**TASK REQUIREMENTS**.
Starting at the first entry below, repeat all the data word for word and drop the pictures.

**Short text fragments from websites**.
════════
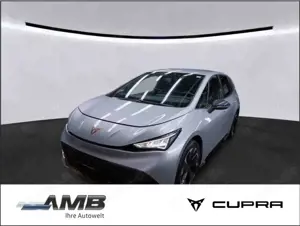 CUPRA Born eBoost 77kWh/LED/ACC/Navi/Sitzh/360°/5Sitze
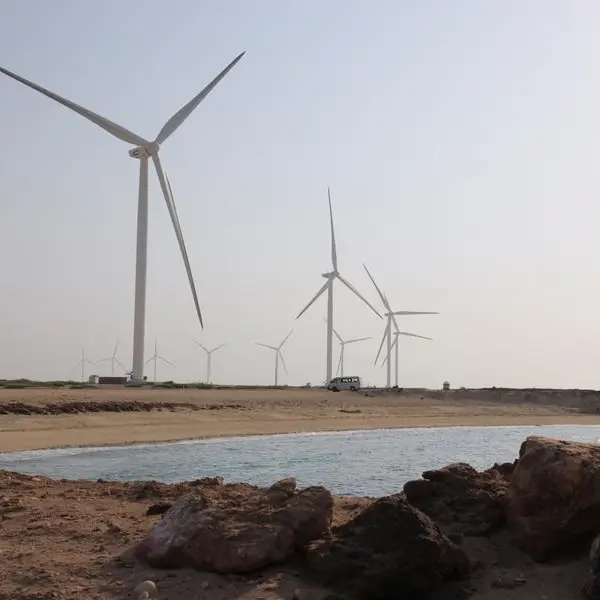 Ethiopia signs $600mln wind farm deal with UAE'S AMEA Power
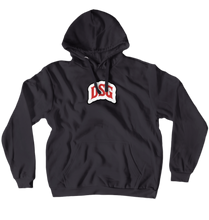 lil_sponge2 Hoodies (No-Zip/Pullover)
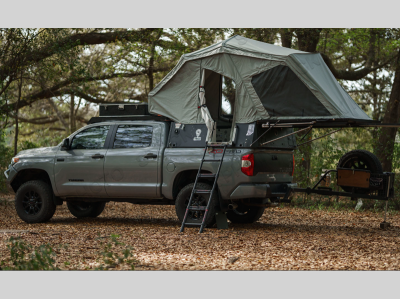 New 2024 Skinny Guy Campers 5.5 Photo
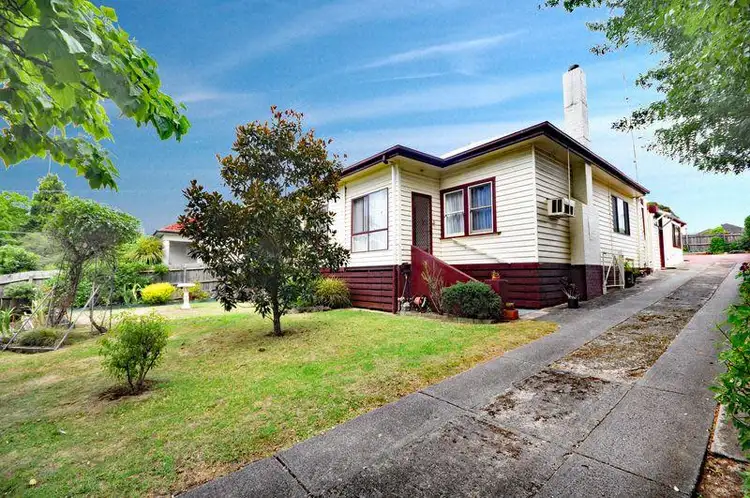 39 Normanby Street, Warragul VIC 3820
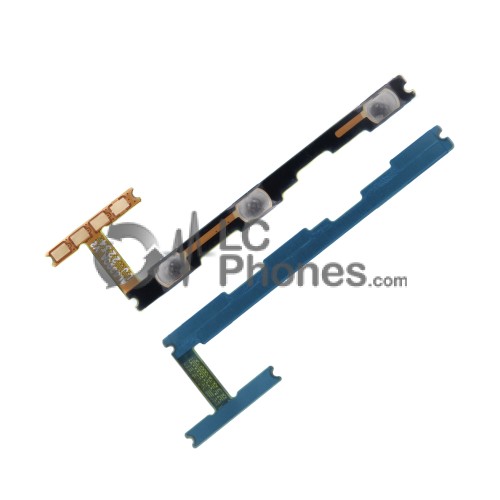 Xiaomi Redmi 12C 22120RN86G - Power and Volume Flex Cable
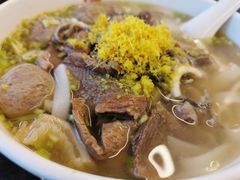 -潮镇老尾牛杂(环城西路店)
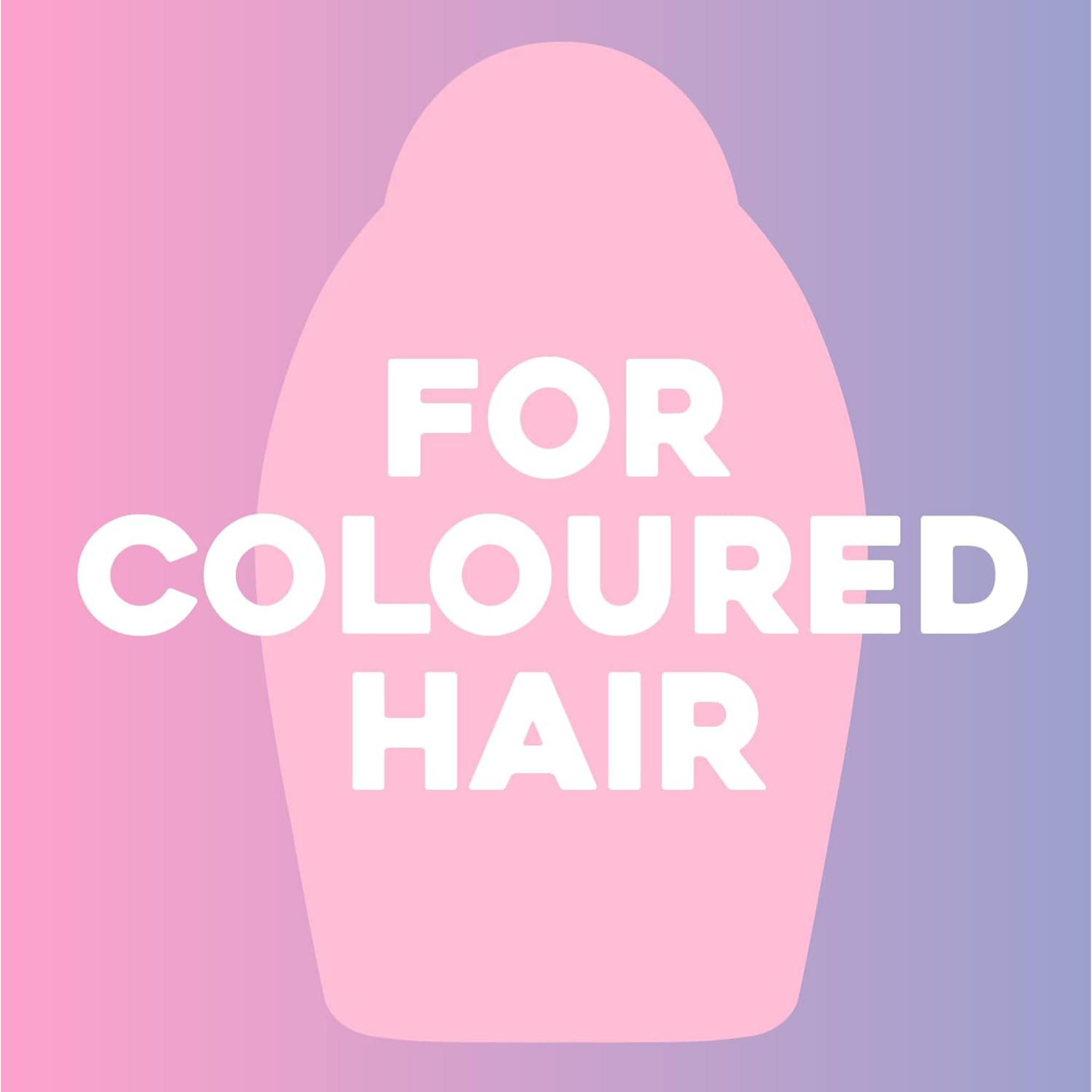 OGX Colour Care Colour Retention Deep Conditioning Hair Mask
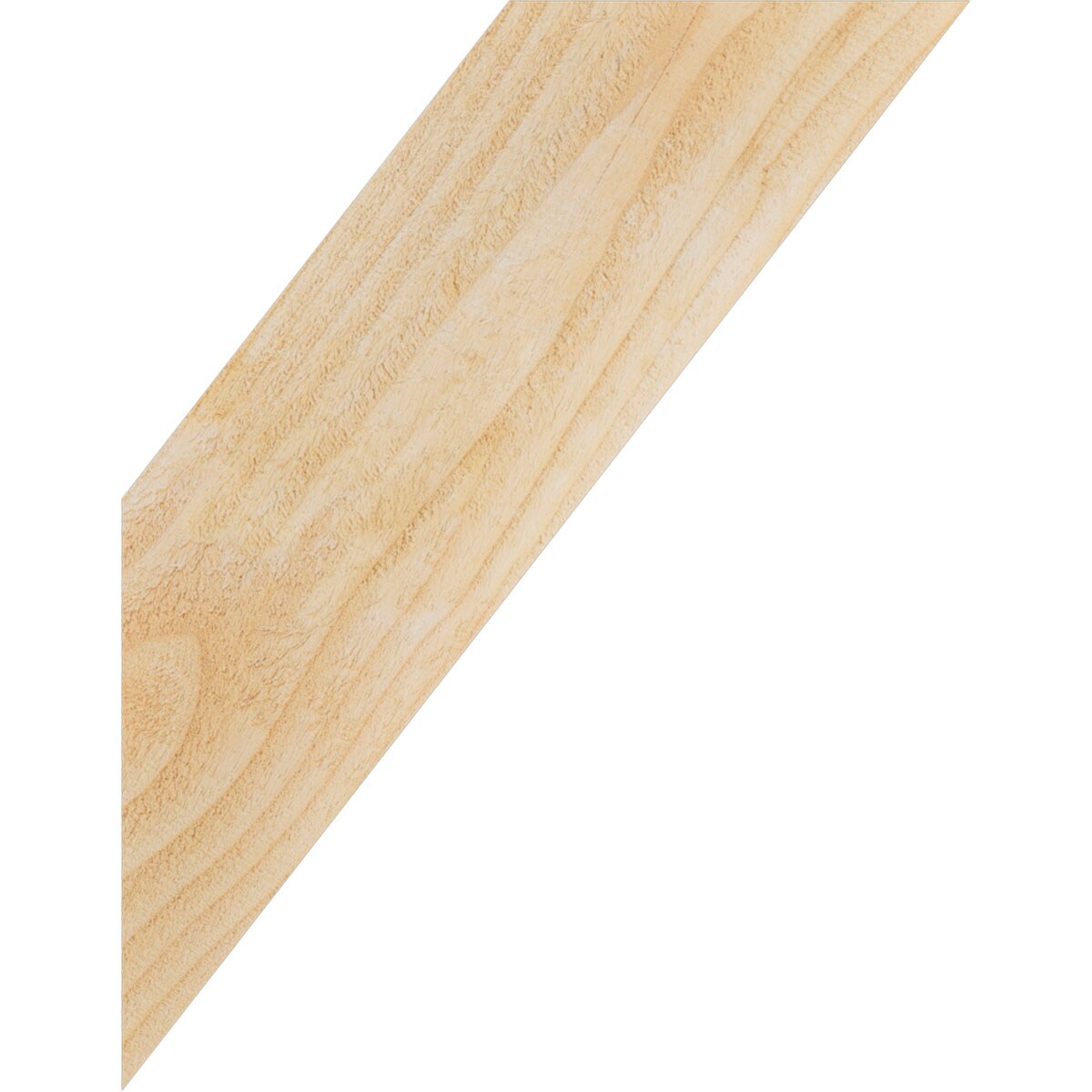 Ekena Millwork BRC06X14X18TRA00RDF braces - View #3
════════
**FINAL ANSWER**.
 CUPRA Born eBoost 77kWh/LED/ACC/Navi/Sitzh/360°/5Sitze
 Ethiopia signs $600mln wind farm deal with UAE'S AMEA Power
 lil_sponge2 Hoodies (No-Zip/Pullover)
 New 2024 Skinny Guy Campers 5.5 Photo
 39 Normanby Street, Warragul VIC 3820
 Xiaomi Redmi 12C 22120RN86G - Power and Volume Flex Cable
 -潮镇老尾牛杂(环城西路店)
 OGX Colour Care Colour Retention Deep Conditioning Hair Mask
 Ekena Millwork BRC06X14X18TRA00RDF braces - View #3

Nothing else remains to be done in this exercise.